Spuren im Nebel

Eine Insel, auf der nicht alles so ist, wie es scheint. Ein Mann, der eigentlich tot sein sollte. Und ein Junge, der spurlos verschwindet. Das sind die Zutaten, die aus Johan Theorins Buch "Öland" einen faszinierenden Krimi machen.

 Auch an klaren Tagen strahlt die schwedische Insel Öland im Südosten des Landes ein Mysterium aus, das sich nur schwer ergründen lässt. TV-Foto: Rebecca Schaal

Auch an klaren Tagen strahlt die schwedische Insel Öland im Südosten des Landes ein Mysterium aus, das sich nur schwer ergründen lässt. TV-Foto: Rebecca Schaal

(bec) 20 Jahre ist es her, seit der fünfjährige Jens im Nebel der schwedischen Insel Öland verschwand. Eben noch spielt er vor dem Haus seiner Großeltern - und plötzlich ist er weg. Ohne eine einzige Spur zu hinterlassen.

Das Verschwinden lässt weder seine Mutter Julia, die mittlerweile auf dem Festland lebt, noch seinen Großvater Gerlof ruhen. Als Gerlof Indizien findet, die darauf hin deuten, dass Jens ermordet wurde, muss sich Julia ihrer Vergangenheit stellen - und zurück nach Öland. Dorthin, wo die Leute behaupten, dass der mysteriöse Eigenbrötler Nils Kant etwas mit dem Verschwinden des Jungen zu tun hat. Obwohl Kant zum Zeitpunkt des Verschwindens längst tot unter der Erde liegt. Oder stimmt etwa das Gerücht, dass sich Kant immer noch auf der Insel umhertreibt?

Skandinavische Kriminalromane liegen nach wie vor sehr im Trend.

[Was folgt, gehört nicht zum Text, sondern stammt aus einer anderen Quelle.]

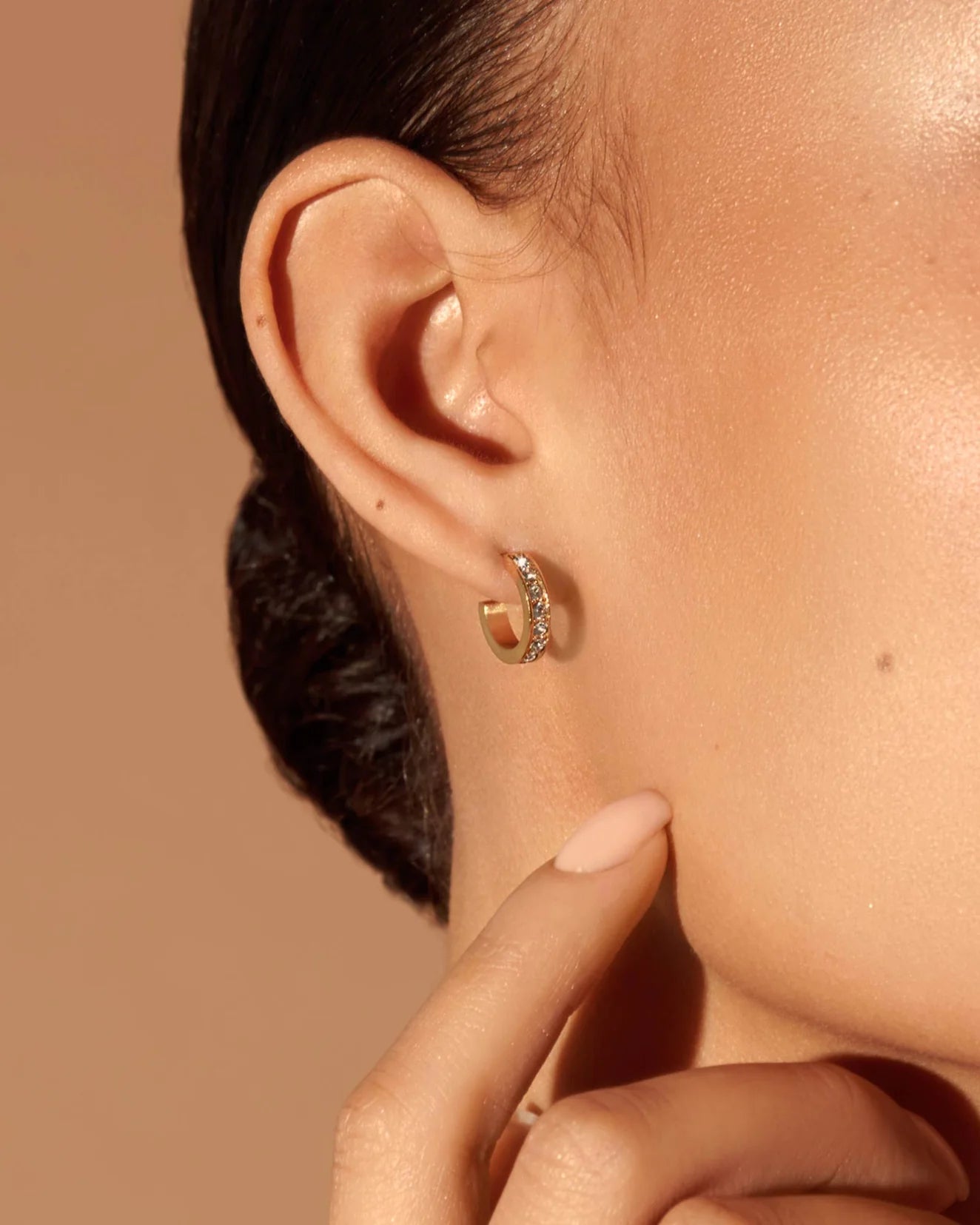 Crystal Hoops - Gold - J571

Johan Theorins "Öland" hat allerdings nicht viel gemein mit Henning Mankell oder Håkan Nesser, den beiden wohl berühmtesten schwedischen Krimi-Autoren. Denn obwohl es sich bei "Öland" um einen durchaus spannenden Plot handelt, gibt es andere Dinge, durch die das Buch noch mehr besticht.

Es sind zum einen vielmehr die Figuren, die durch teilweise brillante Charakterisierung bestechen. Allen voran Julia, hin- und hergerissen zwischen Hoffnung und Hoffnungslosigkeit. Eine durch das ungewisse Schicksal ihres Sohnes gebrochene Frau, die gezwungen wird, sich mit ihrer Vergangenheit auseinanderzusetzen, und die dadurch langsam ins Leben zurückfindet. Faszinierend ist auch das Verhältnis zu ihrem 80-jährigen Vater Gerlof, das bei weitem nicht einfach ist. Dabei sind es die Ereignisse vom September 1972, die die Bindung der beiden einst durchtrennte. Die sie in der Gegenwart aber wieder ganz langsam verknüpft.

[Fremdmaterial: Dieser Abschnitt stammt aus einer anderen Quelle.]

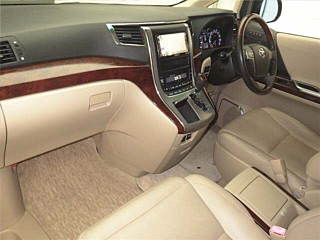 TOYOTA VELLFIRE 2011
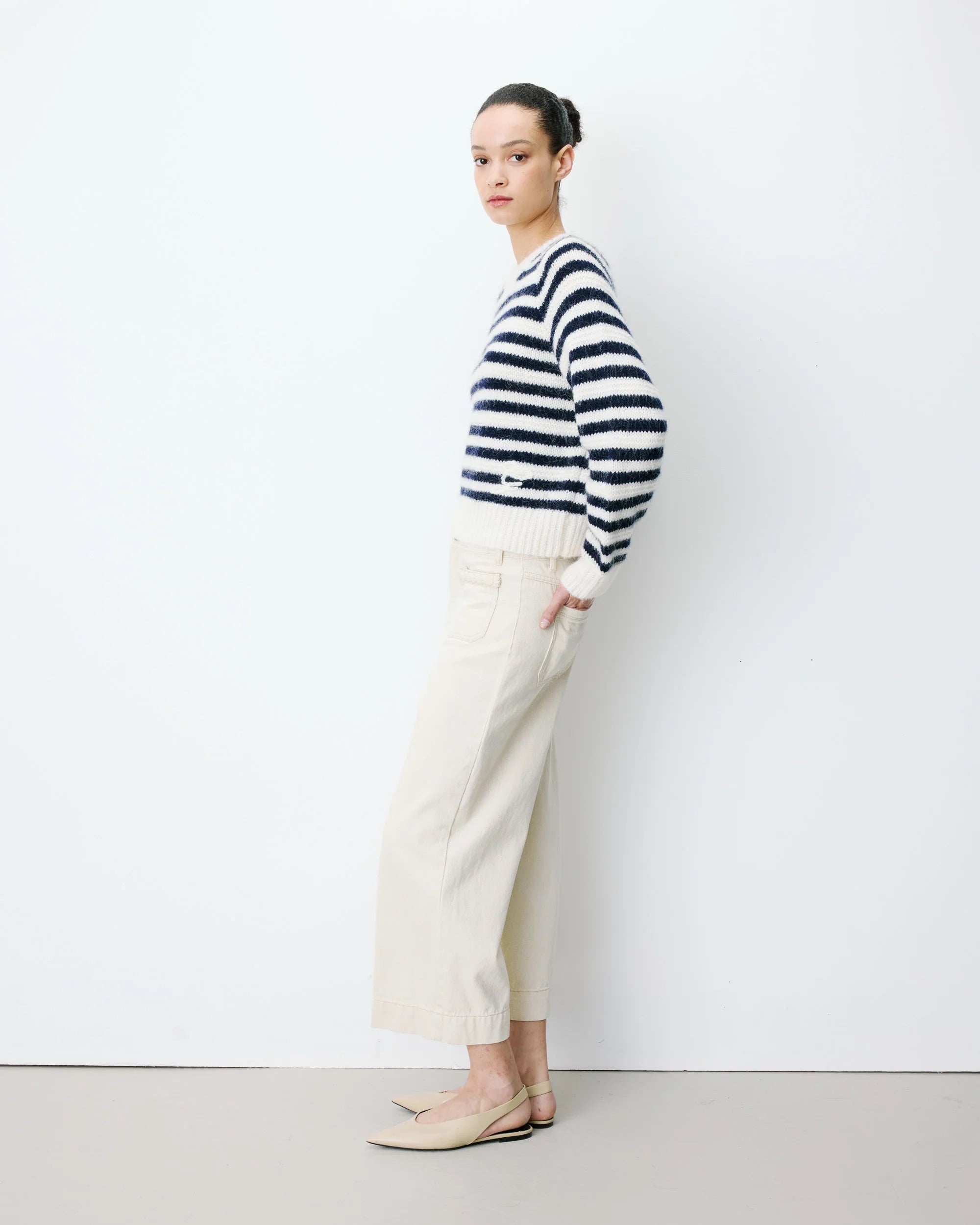 Pull AIMOND GRACE & MILA marine et écru – porté de profil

Diese Faszination gilt aber auch für die rätselhafteste Figur dieses Buches, Nils Kant. Seine Geschichte wird durch geschickt miteinander verwobene Zeitsprünge in das Schweden der vierziger Jahre erzählt und langsam entschlüsselt.

Die "Hauptperson" des Buches allerdings ist eine andere: die Insel Öland. Theorin, der seine Kindheit im Sommer dort verbrachte, wirft einen Blick hinter die Fassade der beeindruckenden, manchmal aber auch bedrückenden Ausstrahlung dieser Insel, die vor allem im Sommer bei Touristen sehr beliebt ist. Er wagt einen Blick hinter die Oberfläche, unter der Fassaden sichtbar werden, von denen die Farbe abblättert und Menschen, die ein ambivalentes Verhältnis zu diesem kleinen Stück Schweden haben, das für Urlauber ein kleines Paradies sein mag - für seine Bewohner aber manchmal zum Inbegriff für Einsamkeit und Langeweile wird.

Es gibt bestimmt schwedische Krimis, deren Inhalt spannender ist als Johan Theorins "Öland". Dennoch fesselt dieses Buch. Nicht durch Action, sondern durch seine Ruhe, durch die Zeit, die sich der Autor nimmt. Man muss sich einlassen auf die Geschichte, auf die Entwicklung der Figuren, um ihren Wert zu erkennen.